* Records shown
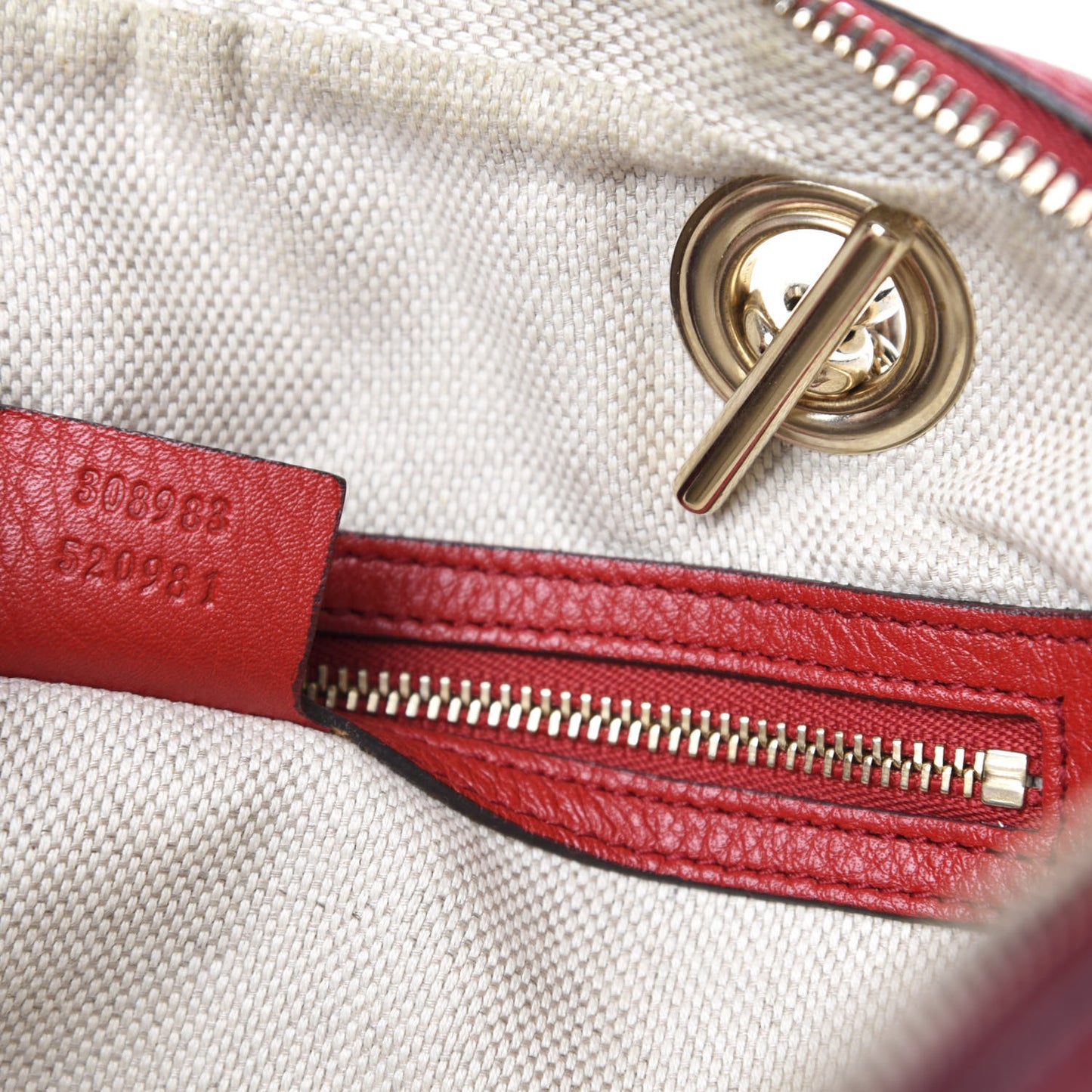 Pebbled Calfskin Small Soho Bowler Red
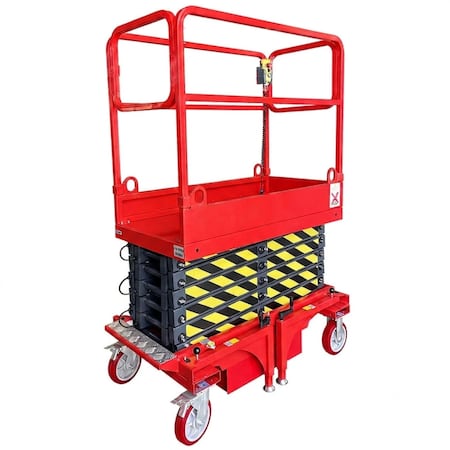 Pake Handling Tools Scissor Lift, Push-Around Drive, 660 lb Cap., 22 ft Max Height PAKSL-SJY0358-SE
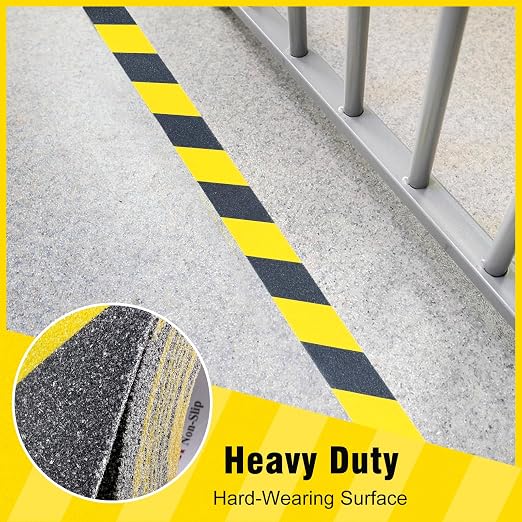 S&X Black/Yellow Anti Slip Tape, 6" x 33 FT, Heavy-Duty Grip Tape for Stairs Outdoor Waterproof Safety Non Skid Roll High Traction Non Slip Treads with Hard-Wearing Surface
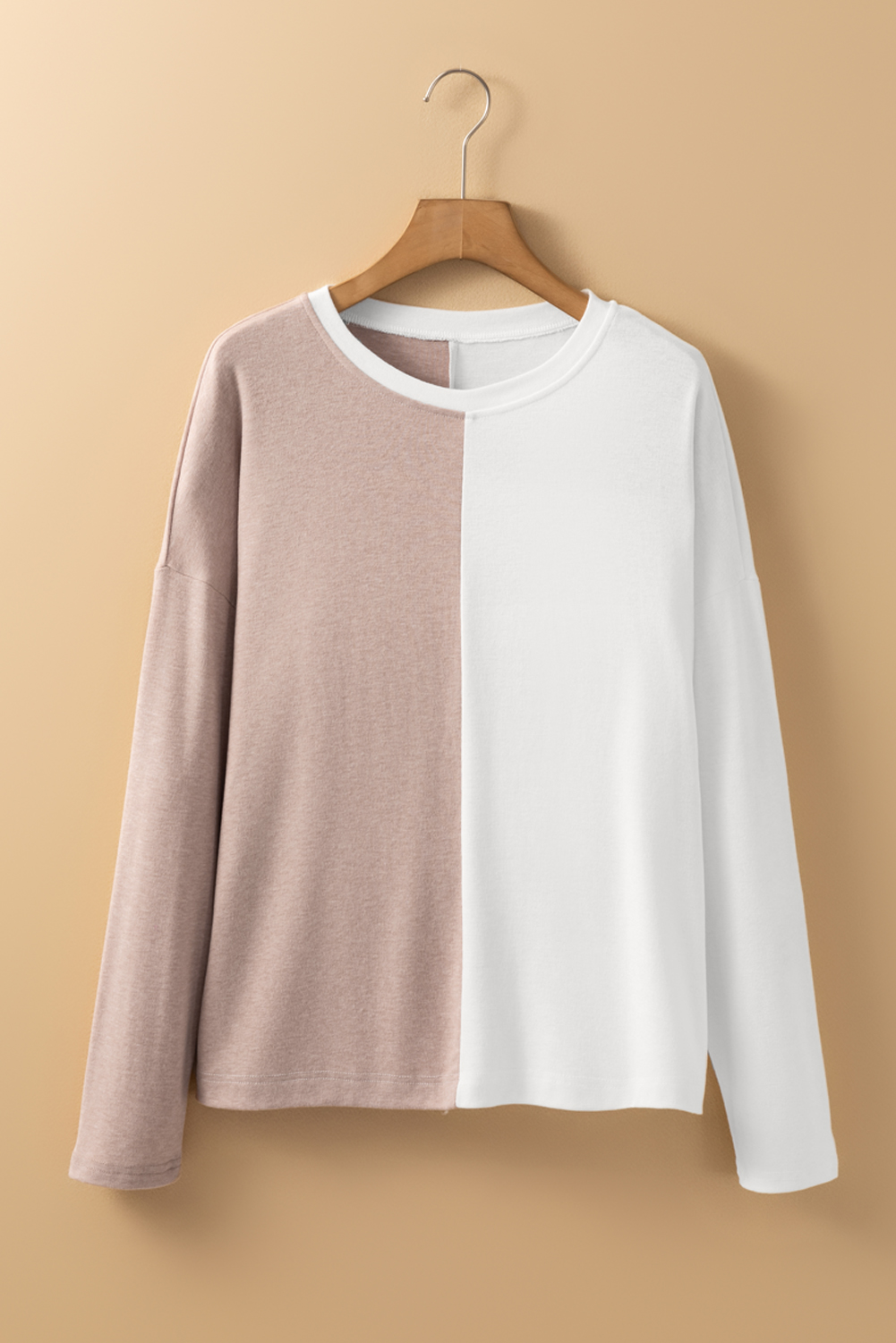 Trendy Long Sleeve Knit Top with Colorblock Design - Perfect for Fall - Detail View 6 Trendy Long Sleeve Knit Top with Colorblock Design - Perfect for Fall - Detail View 6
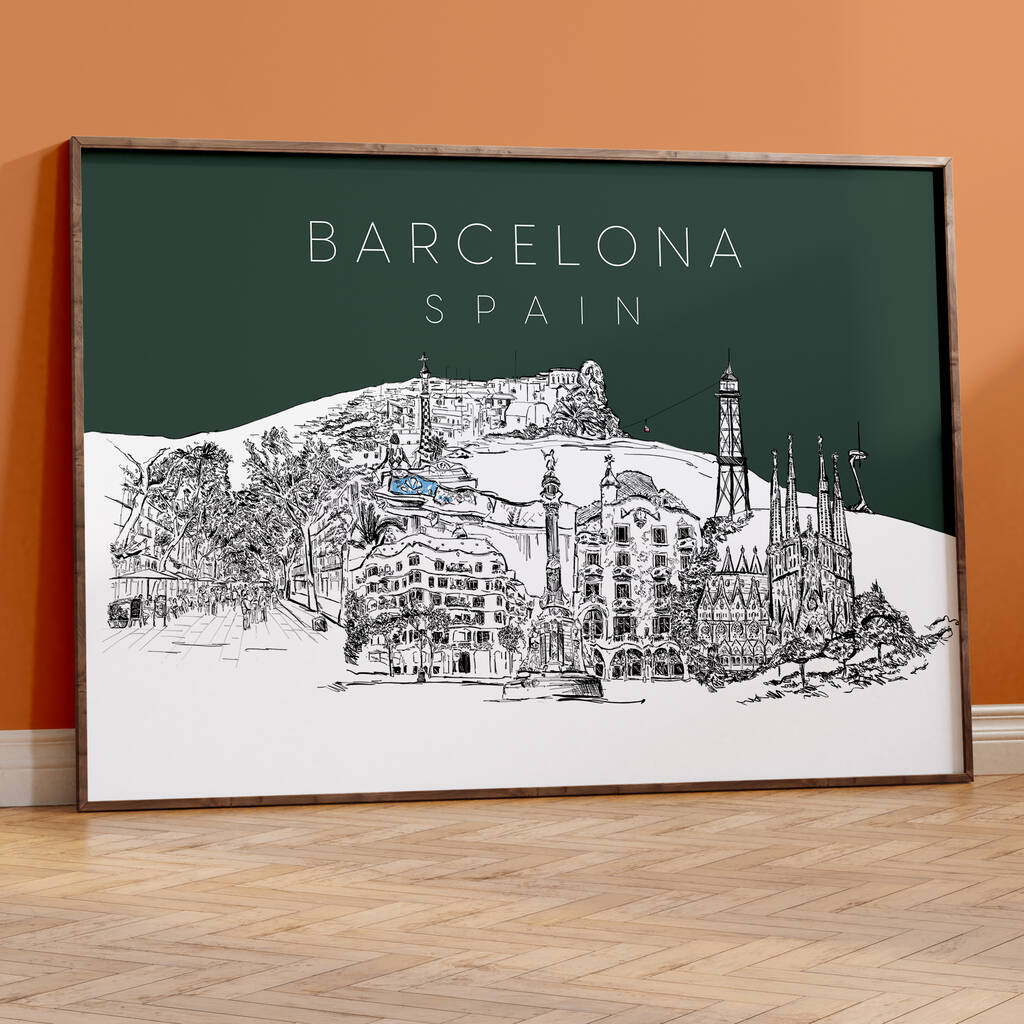 Barcelona Skyline Print, 1 of 8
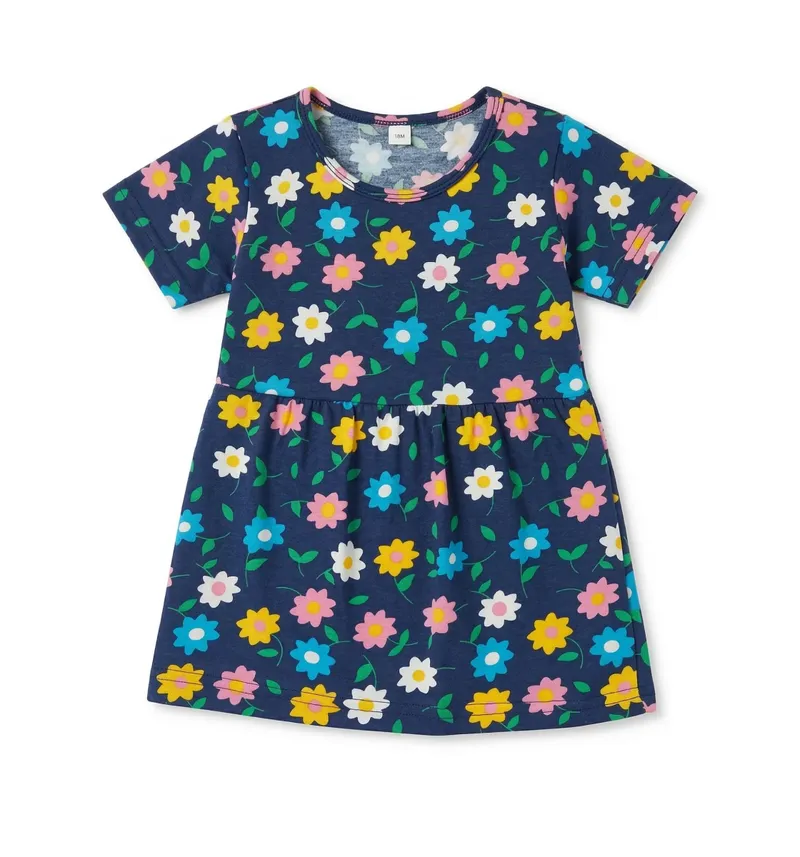 Girls Navy Floral Print Fit & Flare Dress Detail View 3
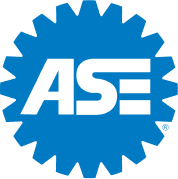 a blue ASE logo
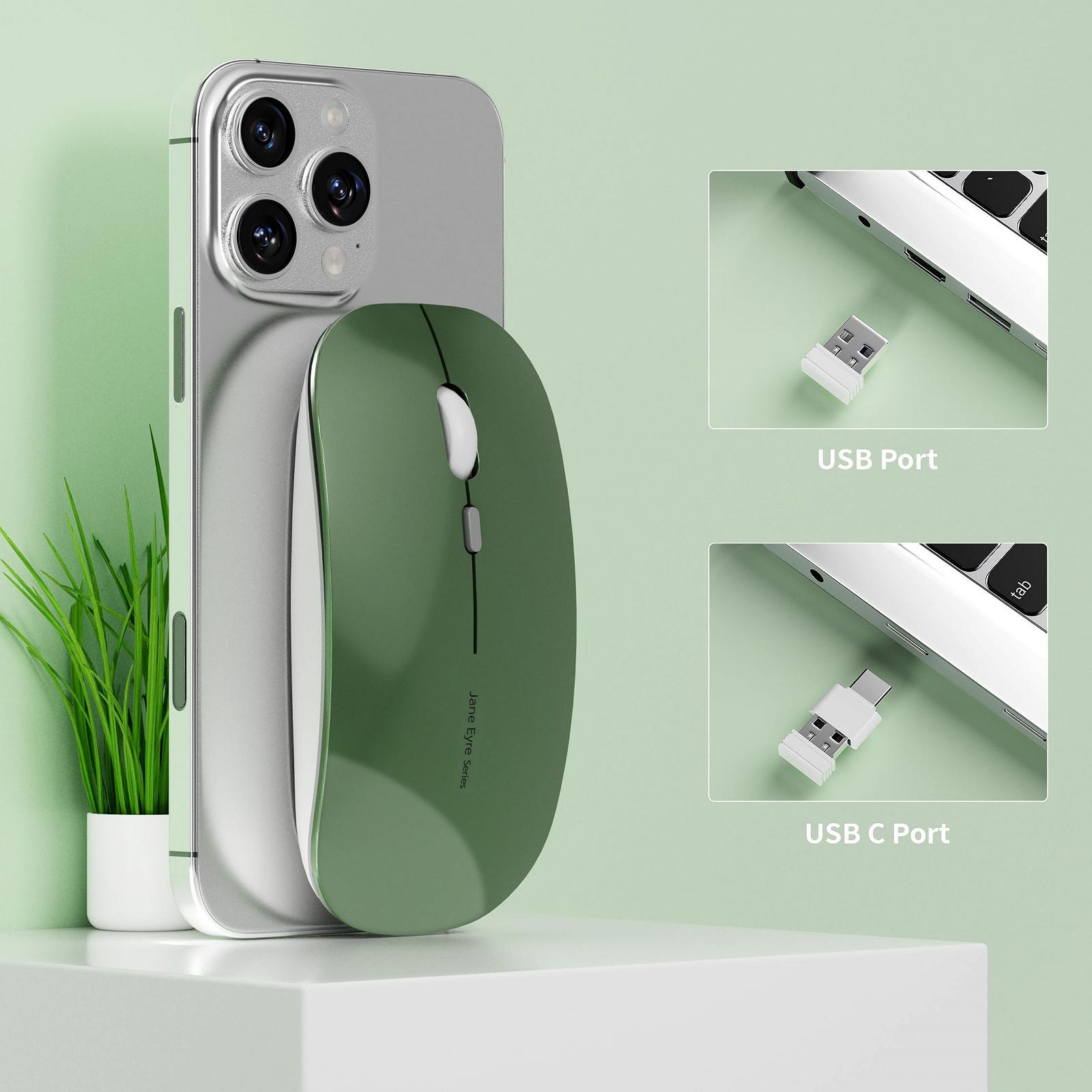 Миша Бездротова Uiosmuph Q5 1600 DPI Темно-зелений, фото №7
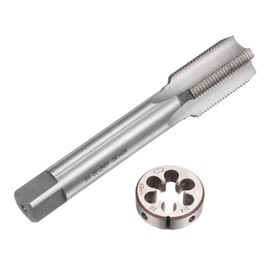 sourcing map 2pcs Tap and Die Set, 3/4-20 UNEF Thread Tap & Round Die, Tapping Threading Tool Tap & Die Kit for Nut Screw Bolt Thread Repair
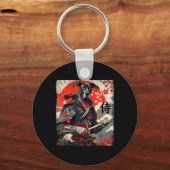 Japans Samurai Groot Deens Tattoo Kawaii Ukiyo-e Sleutelhanger (Voorkant)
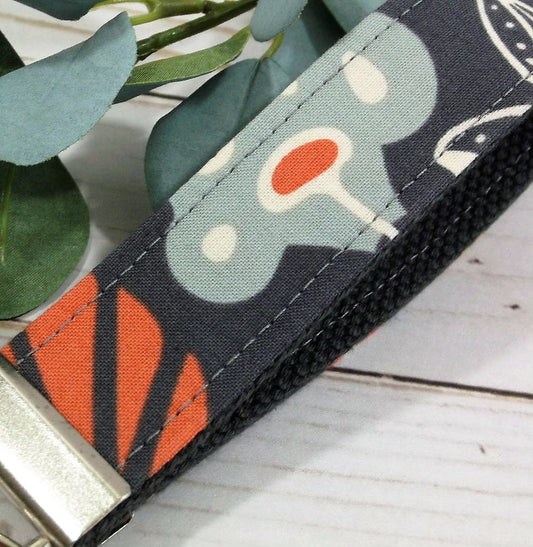 Boho Keychain Grey and Blue Gray Key Fob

* Task instructions
Could you set down every entry again exactly as written, leaving out any pictures?

* Exercise answer
 Pebbled Calfskin Small Soho Bowler Red
 Pake Handling Tools Scissor Lift, Push-Around Drive, 660 lb Cap., 22 ft Max Height PAKSL-SJY0358-SE
 S&X Black/Yellow Anti Slip Tape, 6" x 33 FT, Heavy-Duty Grip Tape for Stairs Outdoor Waterproof Safety Non Skid Roll High Traction Non Slip Treads with Hard-Wearing Surface
 Trendy Long Sleeve Knit Top with Colorblock Design - Perfect for Fall - Detail View 6 Trendy Long Sleeve Knit Top with Colorblock Design - Perfect for Fall - Detail View 6
 Barcelona Skyline Print, 1 of 8
 Girls Navy Floral Print Fit & Flare Dress Detail View 3
 a blue ASE logo
 Миша Бездротова Uiosmuph Q5 1600 DPI Темно-зелений, фото №7
 sourcing map 2pcs Tap and Die Set, 3/4-20 UNEF Thread Tap & Round Die, Tapping Threading Tool Tap & Die Kit for Nut Screw Bolt Thread Repair
 Japans Samurai Groot Deens Tattoo Kawaii Ukiyo-e Sleutelhanger (Voorkant)
 Boho Keychain Grey and Blue Gray Key Fob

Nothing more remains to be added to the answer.